Guiding Principles

Take the initiative

It will be difficult to understand how everything works by sitting quietly. There are no marching orders delivered to you on a daily basis, so the only sure way to figure things out is to take the initiative and to talk to people. Ask questions during calls, send messages in the company’s chat channels, and reach out to people outside your project for advice. Your colleagues have open calendars. See what they are working on and ask them to join their calls, so you can learn.

Ask for help

There is no excuse for failing quietly or assuming something doesn’t work because you couldn’t figure it out! If something isn’t clear, or you just want a second opinion, ask for help. In Hygge Companies, everyone is extremely friendly and willing to help. Post your questions in GitHub or public channels in the company’s chat. You’ll not only have a better chance of getting a quick reply, but other people can also learn along with you. There are no stupid questions, only not enough documentation.

Destroy the box

Don’t be afraid to screw up. Hygge Companies work really hard to make sure things can’t be easily broken, even from the inside. Think outside the box, try new things, push all the buttons. Hygge colleagues will always want to hear if you have a new idea or a business lead that you want to follow, even if it doesn’t necessarily fit within their current strategy or goals.

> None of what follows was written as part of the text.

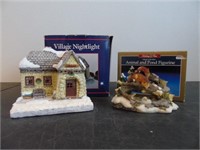 Christmas Village Building & Figurine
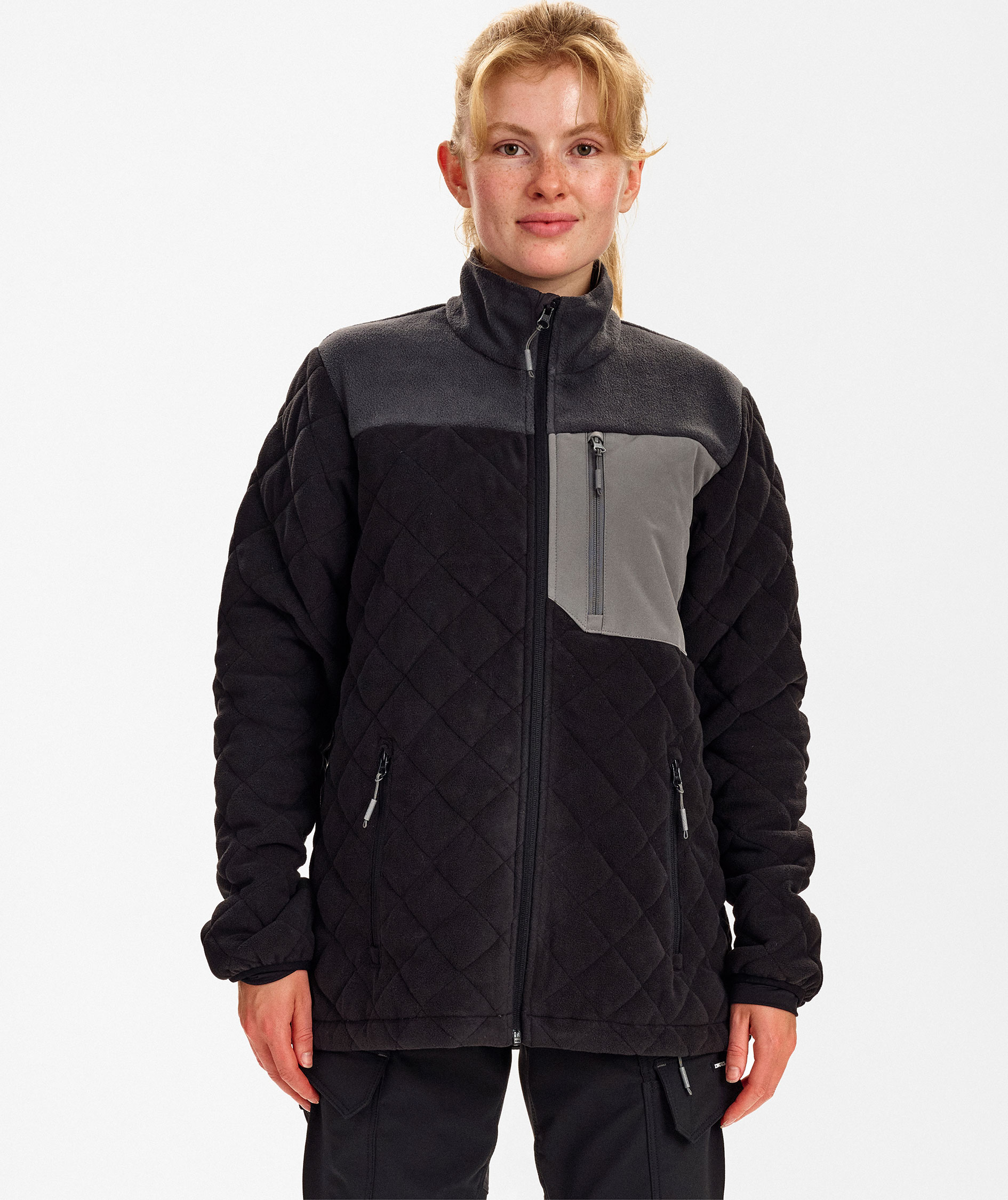 Engel Entire quilted women's fleece jacket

It can be great to play with shiny toys every day, but the truth is you need to focus on something for quite a while before you become good at it. Always focus on the bigger picture set out in a product or a milestone to make sure you are in sync with your colleagues’ vision. Talk to others about your goals and the framework within which you are trying to achieve them.

Baby steps

Small iterations are the way to develop within big distributed teams. Break down your tasks in small atomic pieces and achieve something every day, however insignificant it might seem. It’ll show everyone your progress and make you feel better every time you click that checkbox or change the issue label to status - done. Avoid keeping issues open for too long or bouncing them from one assignee to another.

Speak up

Voice your opinion! The best way to come to a decision is through constructive debates. Stop agreeing with each other and start being the devil’s advocate to challenge the team’s assumptions and common wisdom. Is there something that can be done better? Is there something that the team isn’t doing that they should be?

Change the rules

Nothing is set in stone. Hygge Work Culture can change and adapt as we learn more about new technologies and working together. Take the initiative and suggest a change by creating your repository branch, and making a pull request to the main branch. It’ll give everyone an opportunity to debate it before the change gets pushed onto everyone.

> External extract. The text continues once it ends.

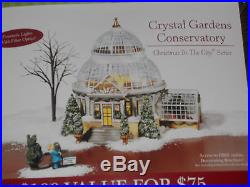 Dept 56 CRYSTAL GARDENS CONSERVATORY Christmas In The City NIB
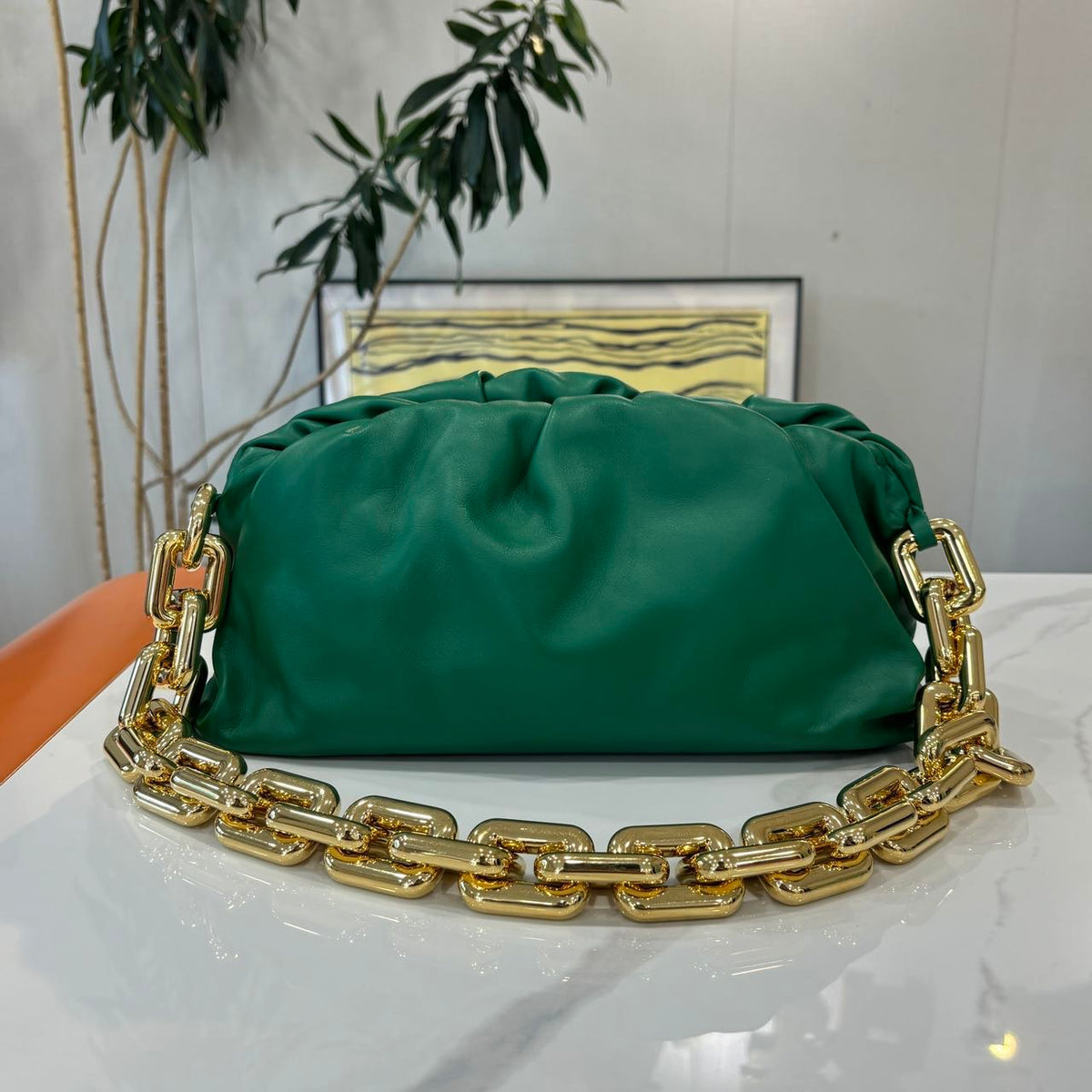 Bottega Veneta - The Pouch Teen - Leather - Green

SWAT vs Gunslingers vs Police Officers

SWAT vs Gunslingers vs Police Officers

SWAT teams show up all together in full gear no matter what. They bring enough weapons and ammo to occupy a small village. They bust doors and windows without checking if they are unlocked. They don’t care how much it costs them to arrest a pothead or to repair the damage they cause doing it.

Gunslingers think they can shoot everyone in the village by themselves. They rarely have a plan, mention their vast “experience” often, and rely on their marksmanship skills. They don’t communicate with anyone and often shoot bystanders.

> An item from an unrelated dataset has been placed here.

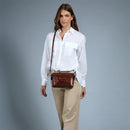 Borsa Donna a Tracolla THE BRIDGE linea Frida in Pelle Marrone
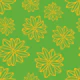 Bloom Big Boho Flowers Yellow Kelly Green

Police officers always follow the plan and tell the dispatcher if they want to investigate something off the beaten path. They update their dispatcher on any developments. Police officers use common sense and department priorities when choosing the car to pull over. They do their research and run the license plate before approaching the vehicle. Police officers don’t write tickets together, but they often request backup to have someone cover them if the situation escalates and help each other without getting in the crossfire. Police officers are also mindful of the costs and call for air support only in critical situations. Their most valuable quality is the ability to follow rules and guidelines in stressful situations.

Always default to the police officer approach.